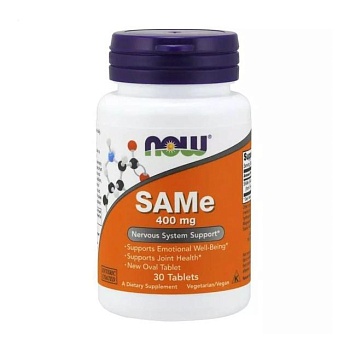 foto дієтична добавка в таблетках now foods sam-e s-аденозілметіонін, 400 мг, 30 шт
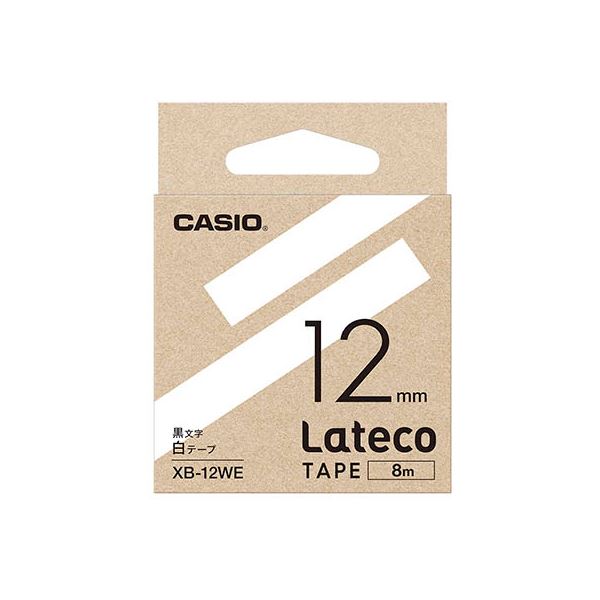 【尖んがり20倍】【5個仕掛ける】 カシオ計算機 Lateco 詰め替え用磁気テープ 12粍 白磁気テープ 黒文字 XB-12WEX5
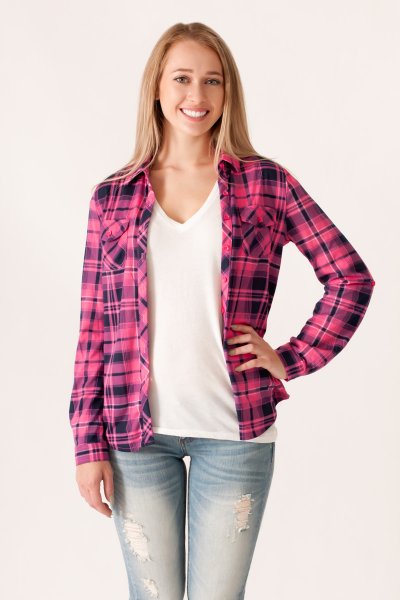 Pink and Navy Plaid Button Down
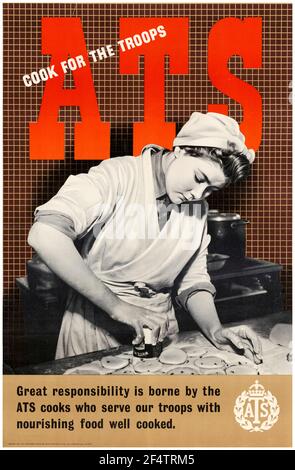 British, WW2 Female Forces Recruitment Poster: ATS Cook for the Trupps (Woman as a Cook), 1942-1945 Stockfoto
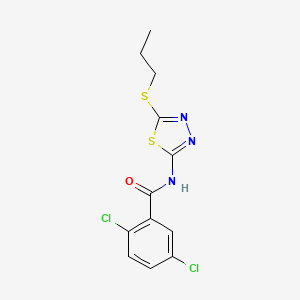molecular formula C12H11Cl2N3OS2 B2683116 2,5-dichloro-N-(5-propylsulfanyl-1,3,4-thiadiazol-2-yl)benzamide CAS No. 393567-97-0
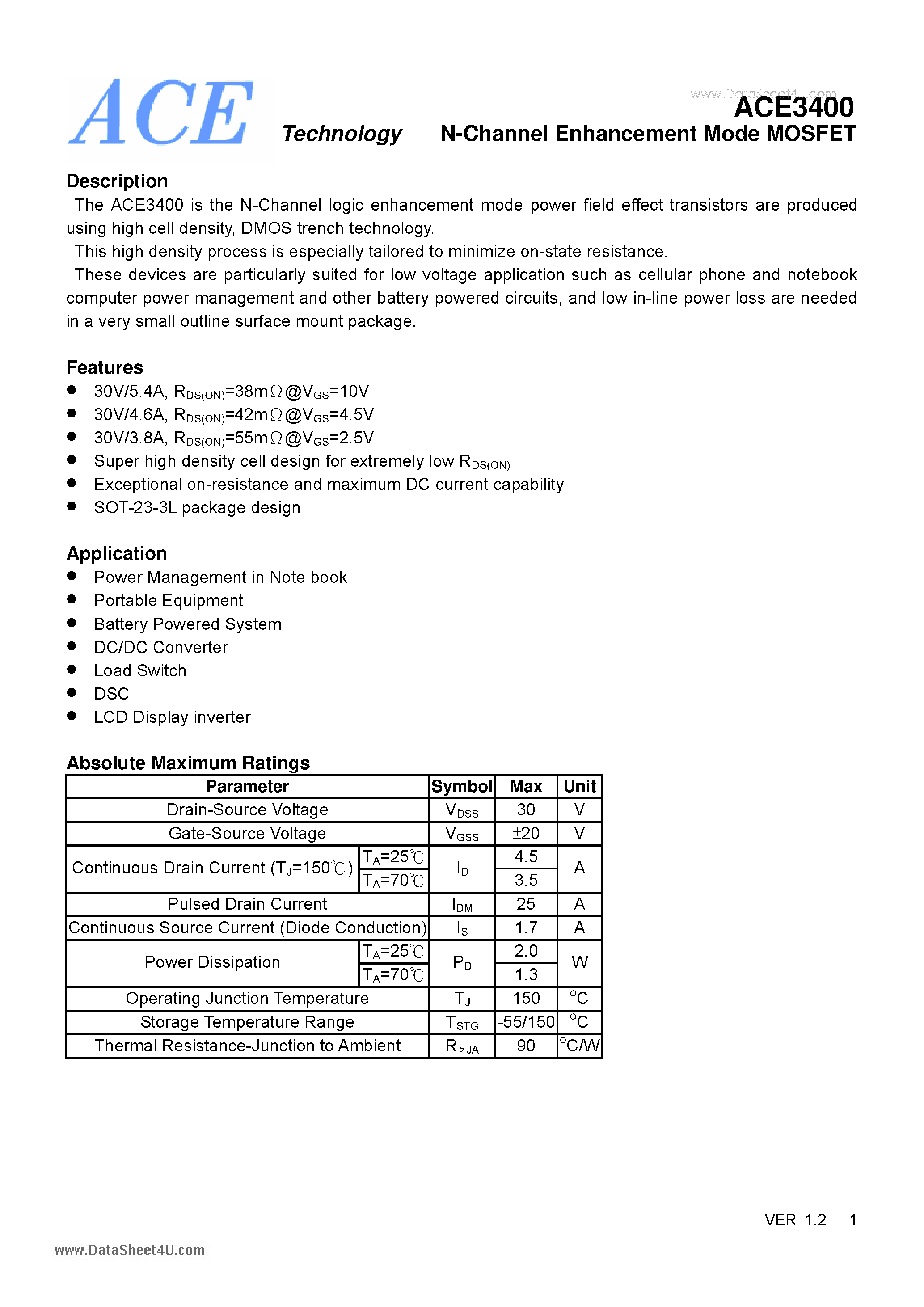 Datasheet ACE3400 page 1 Datasheet ACE3400 - N-Channel Enhancement Mode MOSFET page 1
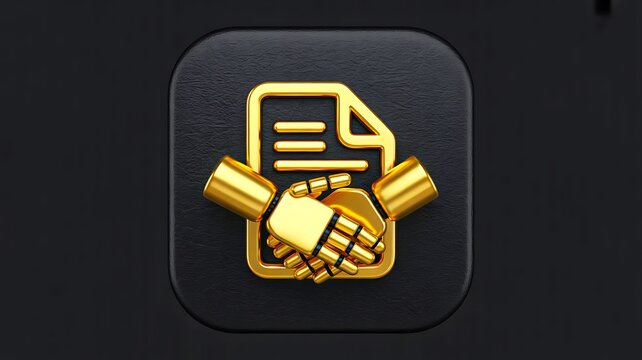Digital document agreement with handshake icon for business partnership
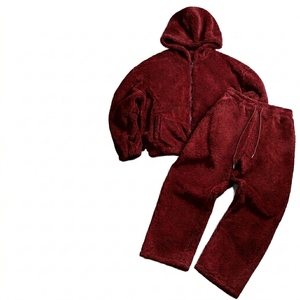 KIingSen OEM Custom Embroidery Breathable <b>Knitted</b> 360g Winter Men's Sherpa Fleece Zip-Up Hoodie Sweatpants Streetwear <b>Set</b> - Product Image 5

[Problem statement] Among the records above, locate the line containing "British, WW2 Female" and the line containing "Digital document agreement", then transcribe exactly the lines starting at the first and ending at the second, with no pictures.

[Finished task]
 British, WW2 Female Forces Recruitment Poster: ATS Cook for the Trupps (Woman as a Cook), 1942-1945 Stockfoto
molecular formula C12H11Cl2N3OS2 B2683116 2,5-dichloro-N-(5-propylsulfanyl-1,3,4-thiadiazol-2-yl)benzamide CAS No. 393567-97-0
 Datasheet ACE3400 page 1 Datasheet ACE3400 - N-Channel Enhancement Mode MOSFET page 1
Digital document agreement with handshake icon for business partnership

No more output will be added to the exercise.